Simplified version of my current Matcher for Adjectival Clauses:
pattern = [{'TAG': ',', 'OP': '+'},
{'DEP': 'det', 'OP': '*'},
{'DEP': 'det', 'OP': '*'},
{'DEP': 'amod', 'OP': '+'},
{'OP': '*'},
{'TAG': '.', 'OP': '+'}]
GOAL: Maintain the core structure of the pattern while being able to exclude "ROOT" dependencies, because the inclusion of "ROOT" Dependency Tokens create false matches.

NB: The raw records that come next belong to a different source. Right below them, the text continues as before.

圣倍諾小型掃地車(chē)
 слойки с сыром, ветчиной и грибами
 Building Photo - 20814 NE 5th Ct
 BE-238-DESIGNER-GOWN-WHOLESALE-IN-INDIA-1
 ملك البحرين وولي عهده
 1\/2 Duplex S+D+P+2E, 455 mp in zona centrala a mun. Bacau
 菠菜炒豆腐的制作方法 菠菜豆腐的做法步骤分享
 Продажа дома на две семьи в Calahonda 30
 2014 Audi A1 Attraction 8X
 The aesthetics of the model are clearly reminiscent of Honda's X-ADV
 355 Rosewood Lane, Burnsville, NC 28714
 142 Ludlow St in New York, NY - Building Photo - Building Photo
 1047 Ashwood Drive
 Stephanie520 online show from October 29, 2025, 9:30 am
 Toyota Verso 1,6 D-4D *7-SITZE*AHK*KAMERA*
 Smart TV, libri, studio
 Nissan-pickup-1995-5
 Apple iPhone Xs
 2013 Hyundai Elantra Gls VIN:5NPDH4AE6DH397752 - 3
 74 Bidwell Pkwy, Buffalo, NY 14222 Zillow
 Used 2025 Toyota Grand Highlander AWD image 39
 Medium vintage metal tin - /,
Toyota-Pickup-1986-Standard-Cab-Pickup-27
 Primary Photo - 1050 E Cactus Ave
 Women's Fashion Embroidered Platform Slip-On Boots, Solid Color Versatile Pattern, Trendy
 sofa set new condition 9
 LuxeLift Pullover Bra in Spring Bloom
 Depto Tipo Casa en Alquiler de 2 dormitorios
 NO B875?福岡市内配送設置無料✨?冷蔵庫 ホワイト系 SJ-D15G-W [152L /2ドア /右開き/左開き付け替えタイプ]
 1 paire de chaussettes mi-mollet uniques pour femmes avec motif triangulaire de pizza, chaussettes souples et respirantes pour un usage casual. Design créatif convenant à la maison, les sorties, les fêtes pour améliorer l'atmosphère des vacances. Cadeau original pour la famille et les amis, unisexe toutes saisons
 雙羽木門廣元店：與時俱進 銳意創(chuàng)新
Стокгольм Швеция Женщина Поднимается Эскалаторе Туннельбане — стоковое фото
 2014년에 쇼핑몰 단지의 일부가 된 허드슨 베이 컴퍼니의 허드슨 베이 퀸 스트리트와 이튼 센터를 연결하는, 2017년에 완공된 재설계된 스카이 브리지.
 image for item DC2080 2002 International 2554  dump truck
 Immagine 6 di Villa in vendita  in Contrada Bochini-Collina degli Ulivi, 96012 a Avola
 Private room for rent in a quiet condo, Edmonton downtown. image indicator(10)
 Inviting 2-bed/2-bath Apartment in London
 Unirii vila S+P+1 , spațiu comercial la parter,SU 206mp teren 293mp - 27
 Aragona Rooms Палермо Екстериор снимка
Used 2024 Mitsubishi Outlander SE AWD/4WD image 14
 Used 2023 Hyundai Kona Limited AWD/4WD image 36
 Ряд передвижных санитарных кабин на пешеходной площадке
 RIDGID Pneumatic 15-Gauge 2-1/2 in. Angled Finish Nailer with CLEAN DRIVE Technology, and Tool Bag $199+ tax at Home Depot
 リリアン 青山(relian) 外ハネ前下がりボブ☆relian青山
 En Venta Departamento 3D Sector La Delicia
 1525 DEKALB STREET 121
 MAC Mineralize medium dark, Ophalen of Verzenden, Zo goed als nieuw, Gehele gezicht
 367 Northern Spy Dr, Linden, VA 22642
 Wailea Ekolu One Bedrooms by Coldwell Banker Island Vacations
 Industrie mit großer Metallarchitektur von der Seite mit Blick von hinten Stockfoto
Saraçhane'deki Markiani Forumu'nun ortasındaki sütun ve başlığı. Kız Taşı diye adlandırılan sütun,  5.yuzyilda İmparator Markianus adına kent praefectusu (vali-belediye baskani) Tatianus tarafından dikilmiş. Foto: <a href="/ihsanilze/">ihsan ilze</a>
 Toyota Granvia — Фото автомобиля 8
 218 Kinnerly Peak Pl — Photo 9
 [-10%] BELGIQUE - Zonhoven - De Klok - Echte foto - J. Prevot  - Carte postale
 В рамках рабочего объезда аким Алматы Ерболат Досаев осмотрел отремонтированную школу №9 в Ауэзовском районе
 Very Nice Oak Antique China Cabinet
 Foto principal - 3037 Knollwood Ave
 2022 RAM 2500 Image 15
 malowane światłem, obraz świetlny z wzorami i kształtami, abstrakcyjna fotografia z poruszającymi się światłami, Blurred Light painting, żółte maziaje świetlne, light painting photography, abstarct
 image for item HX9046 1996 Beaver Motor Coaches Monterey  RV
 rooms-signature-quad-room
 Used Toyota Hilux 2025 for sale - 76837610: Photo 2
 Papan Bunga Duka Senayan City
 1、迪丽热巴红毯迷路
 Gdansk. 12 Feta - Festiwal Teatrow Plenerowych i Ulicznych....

I have tried to add {'DEP': 'ROOT', 'OP': '!'} to create an exception for {'OP': ''}*. The code resultingly looks like this:
pattern = [{'TAG': ',', 'OP': '+'},
{'DEP': 'det', 'OP': '*'},
{'DEP': 'det', 'OP': '*'},
{'DEP': 'amod', 'OP': '+'},
{'OP': '*'},
{'DEP': 'ROOT', 'OP': '!'}
{'TAG': '.', 'OP': '+'}]
I expected the matcher to initially parse the unwanted token and accept it in the Matcher, then reject it once it hit the {'DEP': 'ROOT', 'OP': '!'} rule. The goal is to be able to parse the clause from sentence (1) and not parse sentence (2):
(1) "It has started a revolution, this merry band." (2) "And yes, this merry band isn’t all happy or all dudes."
As far as I'm aware, {'OP': '*'} is the only rule that will accept all tokens and {'DEP': 'ROOT', 'OP': '!'} is the only rule to negate tokens. I've tried to mix the order but that hasn't helped either.
If anyone knows of a way to utilize the {'OP': '*'} rule while also being able to restrict specific token types that would be greatly appreciated. Thank you!